| PROBLEM TO SOLVE |
Could you output the entire listing without altering anything?

| STUDY MATERIAL |
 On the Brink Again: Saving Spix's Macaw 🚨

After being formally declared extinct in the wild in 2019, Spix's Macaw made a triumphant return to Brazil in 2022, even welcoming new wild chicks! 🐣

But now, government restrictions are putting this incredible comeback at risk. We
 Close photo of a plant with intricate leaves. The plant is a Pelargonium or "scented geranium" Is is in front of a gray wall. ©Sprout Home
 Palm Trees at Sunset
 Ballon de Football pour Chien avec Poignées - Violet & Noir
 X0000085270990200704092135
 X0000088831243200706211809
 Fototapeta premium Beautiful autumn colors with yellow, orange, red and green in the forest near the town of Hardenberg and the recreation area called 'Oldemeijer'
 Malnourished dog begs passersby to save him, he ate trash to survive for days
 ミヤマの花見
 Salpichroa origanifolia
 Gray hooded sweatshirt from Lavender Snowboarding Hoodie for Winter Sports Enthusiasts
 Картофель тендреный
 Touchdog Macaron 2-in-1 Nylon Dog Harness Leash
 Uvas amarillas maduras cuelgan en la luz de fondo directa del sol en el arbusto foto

| SOLVED PROBLEM |
 On the Brink Again: Saving Spix's Macaw 🚨

After being formally declared extinct in the wild in 2019, Spix's Macaw made a triumphant return to Brazil in 2022, even welcoming new wild chicks! 🐣

But now, government restrictions are putting this incredible comeback at risk. We
 Close photo of a plant with intricate leaves. The plant is a Pelargonium or "scented geranium" Is is in front of a gray wall. ©Sprout Home
 Palm Trees at Sunset
 Ballon de Football pour Chien avec Poignées - Violet & Noir
 X0000085270990200704092135
 X0000088831243200706211809
 Fototapeta premium Beautiful autumn colors with yellow, orange, red and green in the forest near the town of Hardenberg and the recreation area called 'Oldemeijer'
 Malnourished dog begs passersby to save him, he ate trash to survive for days
 ミヤマの花見
 Salpichroa origanifolia
 Gray hooded sweatshirt from Lavender Snowboarding Hoodie for Winter Sports Enthusiasts
 Картофель тендреный
 Touchdog Macaron 2-in-1 Nylon Dog Harness Leash
 Uvas amarillas maduras cuelgan en la luz de fondo directa del sol en el arbusto foto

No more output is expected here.